Crown Scheduling: Energy-Efficient Resource Allocation, Mapping and Discrete Frequency Scaling for Collections of Malleable Streaming Tasks


We investigate the problem of generating energy-optimal code for a collection of streaming tasks that include parallelizable or malleable tasks on a generic manycore processor with dynamic discrete frequency scaling. Streaming task collections differ from classical task sets in that all tasks are running concurrently, so that cores typically run several tasks that are scheduled round-robin at user level in a data driven way. A stream of data flows through the tasks and intermediate results are forwarded on-chip to other tasks, like in a pipelined task graph. In this paper we present crown scheduling, a novel technique for the combined optimization of resource allocation, mapping and discrete voltage/frequency scaling for malleable streaming task sets in order to optimize energy efficiency given a throughput constraint. We present optimal off-line algorithms for separate and integrated crown scheduling based on integer linear programming (ILP). We also propose extensions for dynamic rescaling to automatically adapt a given crown schedule in situations where not all tasks are data ready. Our energy model considers both static idle power and dynamic power consumption of the processor cores.

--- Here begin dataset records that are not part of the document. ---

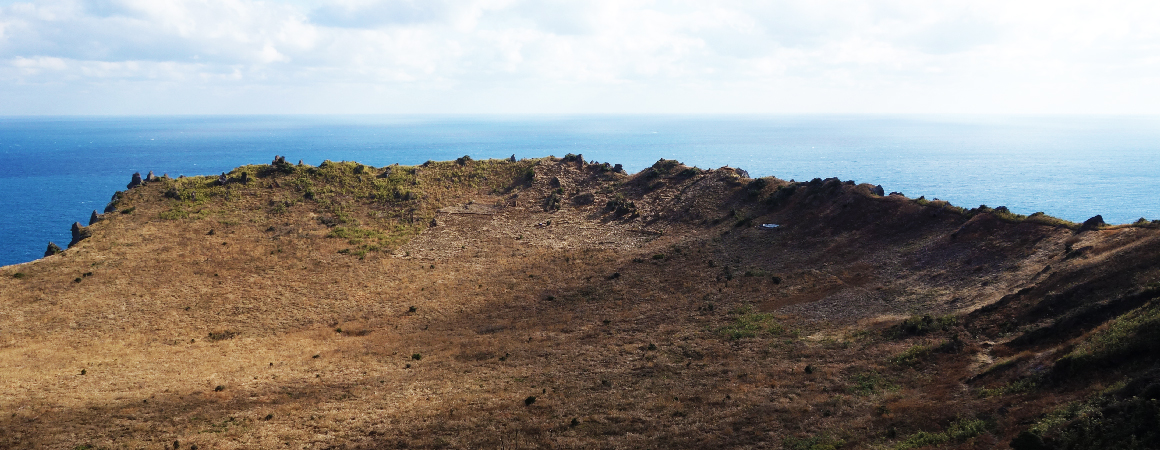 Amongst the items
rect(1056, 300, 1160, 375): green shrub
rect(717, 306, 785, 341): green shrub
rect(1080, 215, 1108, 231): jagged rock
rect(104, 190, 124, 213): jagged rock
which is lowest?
rect(717, 306, 785, 341): green shrub

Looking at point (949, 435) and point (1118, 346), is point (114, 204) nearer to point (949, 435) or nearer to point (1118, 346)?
point (949, 435)

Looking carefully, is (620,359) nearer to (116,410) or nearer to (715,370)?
(715,370)

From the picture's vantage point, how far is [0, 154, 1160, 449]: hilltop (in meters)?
25.8

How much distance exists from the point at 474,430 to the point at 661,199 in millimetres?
55874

Our experimental evaluation of the ILP models for a generic manycore architecture shows that at least for small and medium sized task sets even the integrated variant of crown scheduling can be solved to optimality by a state-of-the-art ILP solver within a few seconds.

Short bio

Christoph W. Kessler ( is a professor for Computer Science at Linköping University, Sweden, where he leads the Programming Environment Laboratory's research group on compiler technology and parallel computing.

Christoph Kessler received a PhD degree in Computer Science in 1994 from the University of Saarbrücken, Germany, and a Habilitation degree in 2001 from the University of Trier, Germany. In 2001 he joined Linköping university, Sweden, as associate professor at the programming environments lab (PELAB) of the computer science department (IDA). In 2007 he was appointed full professor at Linköping university.

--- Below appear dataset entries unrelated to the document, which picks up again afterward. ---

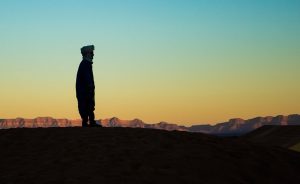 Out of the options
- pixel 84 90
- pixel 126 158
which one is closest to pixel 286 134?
pixel 84 90

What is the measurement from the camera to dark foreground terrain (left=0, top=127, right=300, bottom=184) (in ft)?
39.0

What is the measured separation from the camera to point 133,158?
13031 mm

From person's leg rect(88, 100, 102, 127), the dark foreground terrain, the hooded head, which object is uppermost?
the hooded head

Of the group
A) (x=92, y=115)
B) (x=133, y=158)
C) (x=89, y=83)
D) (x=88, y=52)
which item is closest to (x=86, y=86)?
(x=89, y=83)

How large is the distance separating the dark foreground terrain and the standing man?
1684mm

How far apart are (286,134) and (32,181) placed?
1373 inches

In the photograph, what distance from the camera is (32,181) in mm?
11453

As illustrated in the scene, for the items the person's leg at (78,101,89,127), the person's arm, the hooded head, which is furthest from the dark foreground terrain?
the hooded head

His research interests include parallel programming, compiler technology, code generation, optimization algorithms, and software composition. He has published two books, several book chapters and more than 90 scientific papers in international journals and conferences. His contributions include e.g. the OPTIMIST retargetable optimizing integrated code generator for VLIW and DSP processors, the PARAMAT approach to pattern-based automatic parallelization, the concept of performance-aware parallel components for optimized composition, the PEPPHER component model and composition tool for heterogeneous multicore/manycore based systems, the SkePU library of tunable generic components for GPU-based systems, and the parallel programming languages Fork and NestStep.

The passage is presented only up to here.